▶ **PROBLEM**
Apart from the pictures, every line below is to be set down exactly.
::: AVAILABLE RECORDS :::
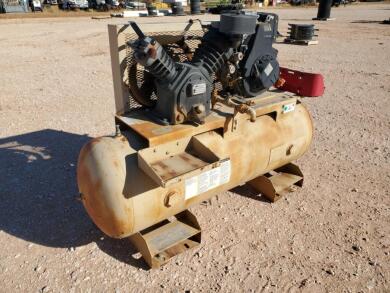 Ingersoll Rand 2475 Air Compressor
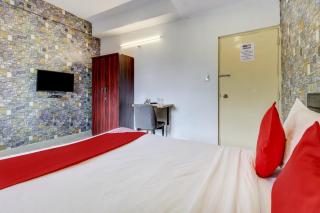 Hotel O Oyo Kings Suites Banaswadi Near SMVT railway station - 8
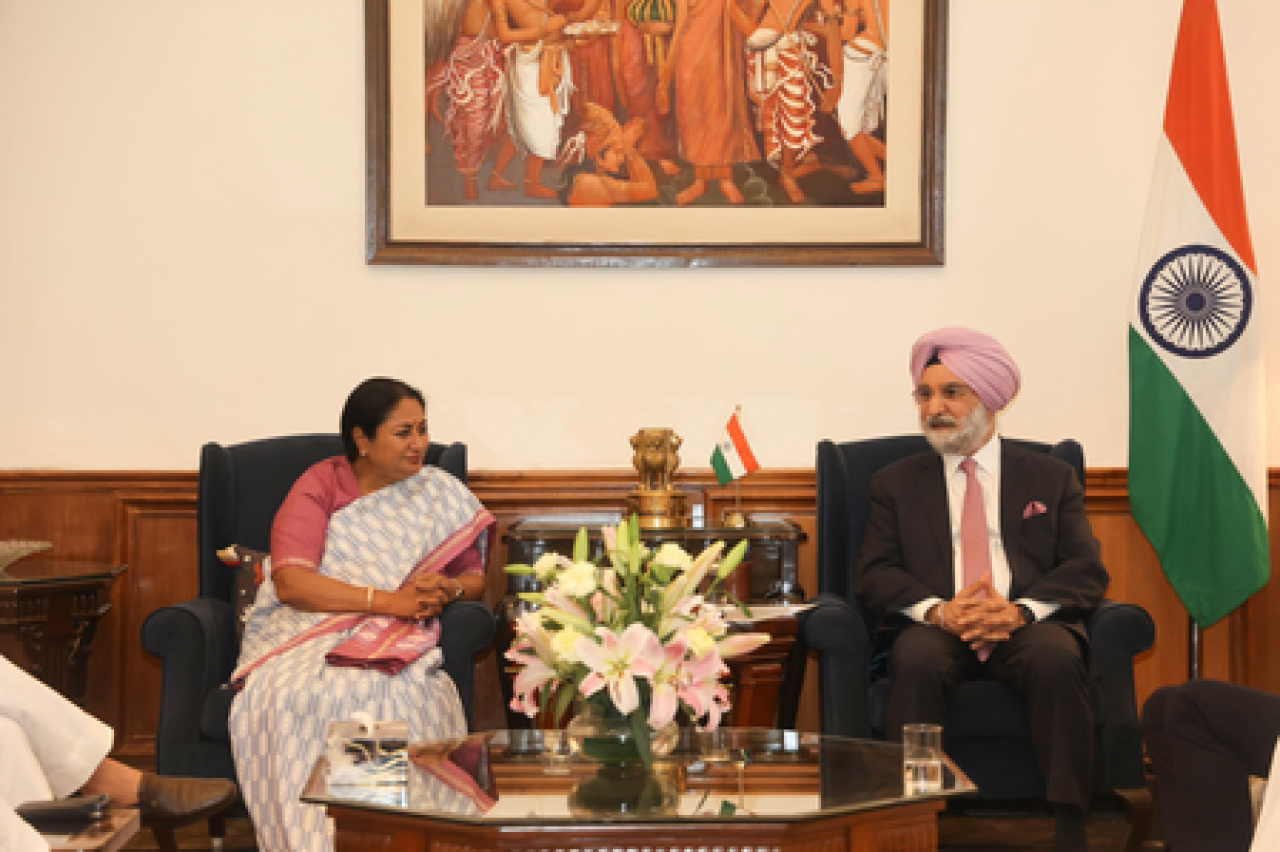 Delhi to Enhance Disaster Management with AI and Integrated Command Center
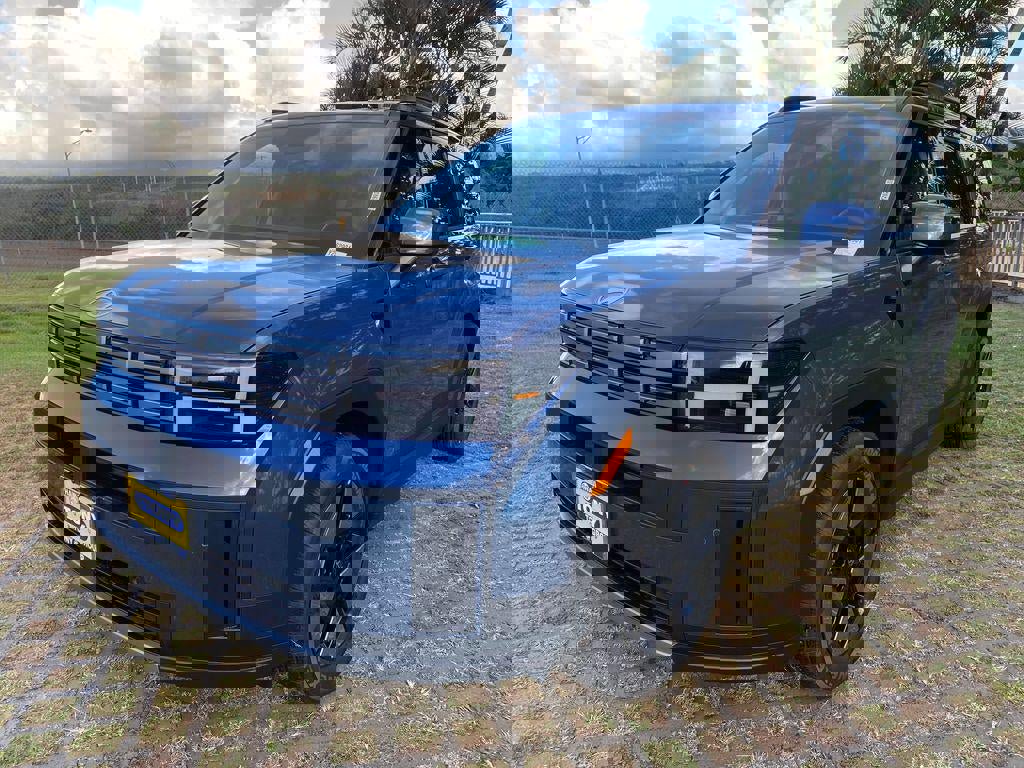 New 2026 Hyundai Santa Fe SEL image 21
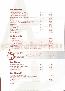 menus du restaurant : a l ancienne douane page 15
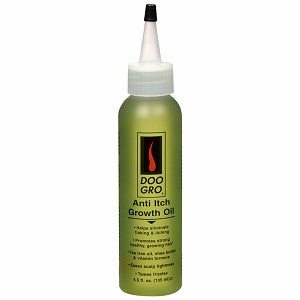 DOOGRO ANTIITCH  OIL 4.5OZ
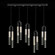 Antonia 51.5'' Linear Pendant (97|923140-122ST)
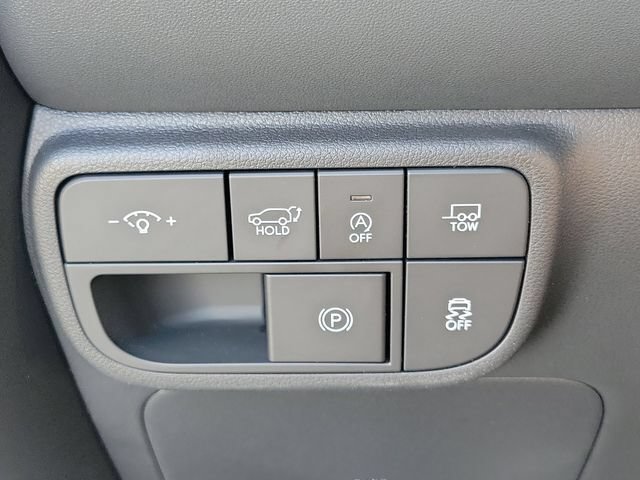 New 2026 Hyundai Palisade SEL AWD/4WD image 18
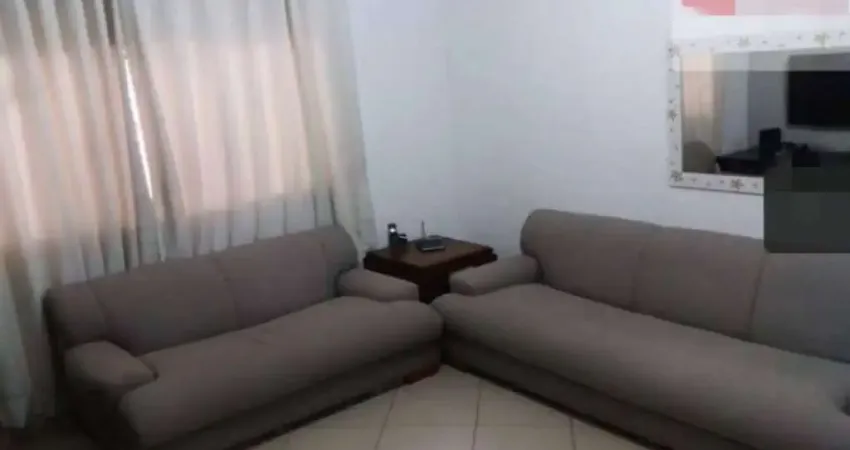 Casa á venda 130m² 2 dormitórios sendo 1 suíte em são joão clímaco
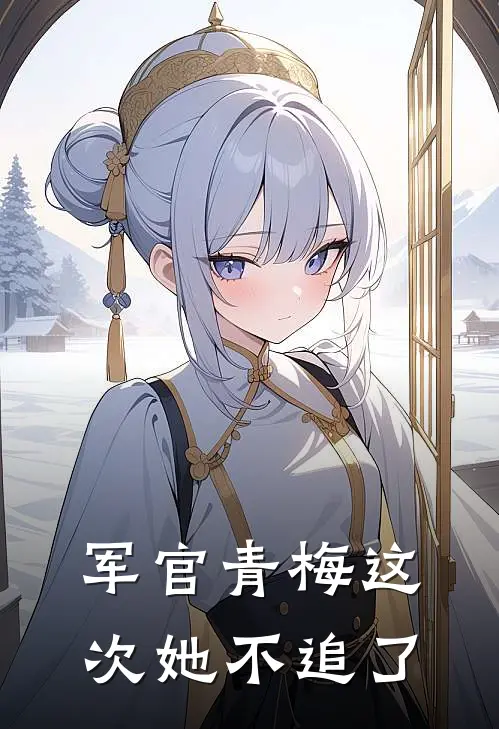 军官青梅这次她不追了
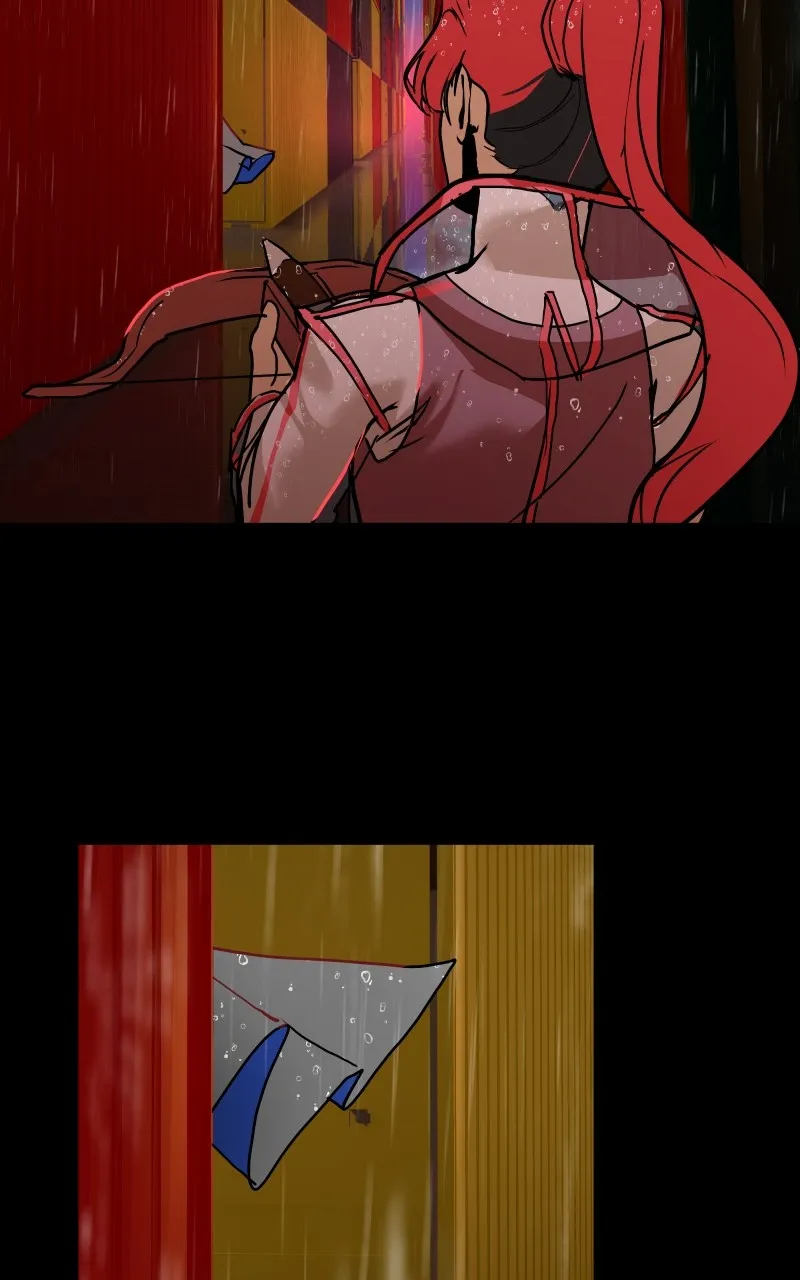 Sunset Phoenix Chapter 26 page 49 - 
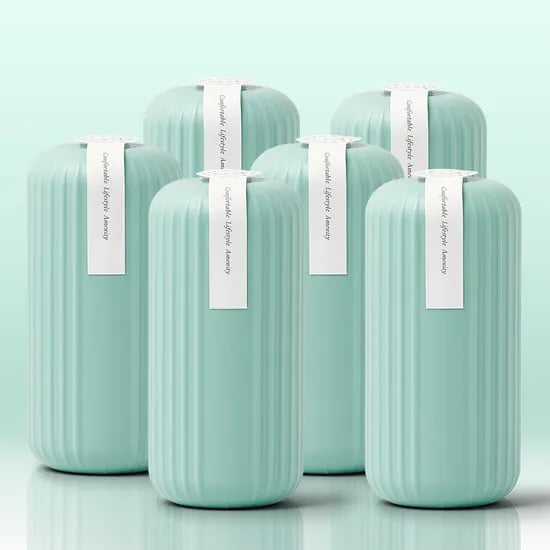 네이버오늘끝딜) CLA클라 변기세정제 3+3 19,800원 무배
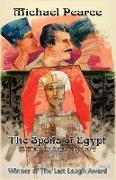 The Spoils of Egypt: A Mamur Zapt Mystery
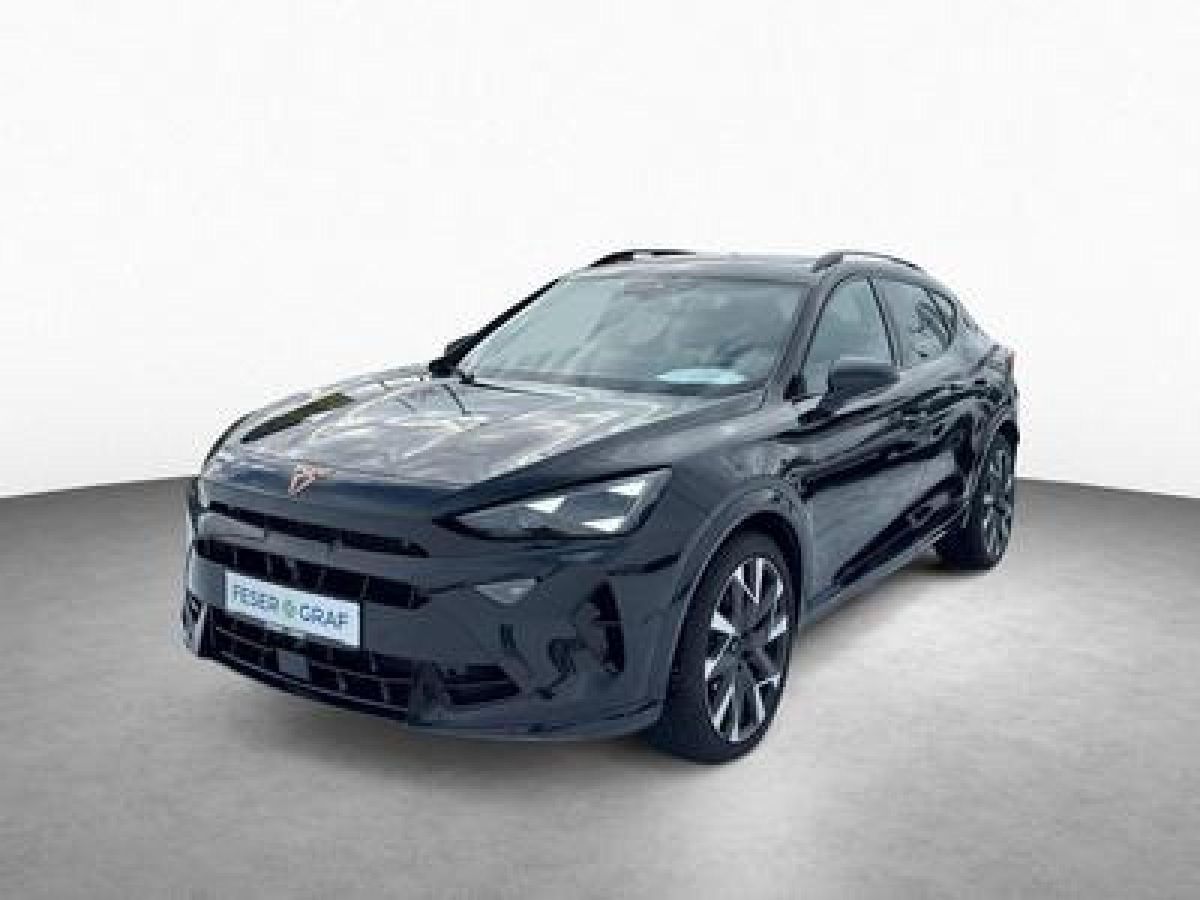 Cupra Formentor 💥VZ 2.0 TSI  💥 990€ Anzahlung  💥 keine Überführungskosten 💥 Leasing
:::
▶ **EXERCISE RESPONSE**
 Ingersoll Rand 2475 Air Compressor
 Hotel O Oyo Kings Suites Banaswadi Near SMVT railway station - 8
 Delhi to Enhance Disaster Management with AI and Integrated Command Center
 New 2026 Hyundai Santa Fe SEL image 21
 menus du restaurant : a l ancienne douane page 15
 DOOGRO ANTIITCH  OIL 4.5OZ
 Antonia 51.5'' Linear Pendant (97|923140-122ST)
 New 2026 Hyundai Palisade SEL AWD/4WD image 18
 Casa á venda 130m² 2 dormitórios sendo 1 suíte em são joão clímaco
 军官青梅这次她不追了
 Sunset Phoenix Chapter 26 page 49 - 
 네이버오늘끝딜) CLA클라 변기세정제 3+3 19,800원 무배
 The Spoils of Egypt: A Mamur Zapt Mystery
 Cupra Formentor 💥VZ 2.0 TSI  💥 990€ Anzahlung  💥 keine Überführungskosten 💥 Leasing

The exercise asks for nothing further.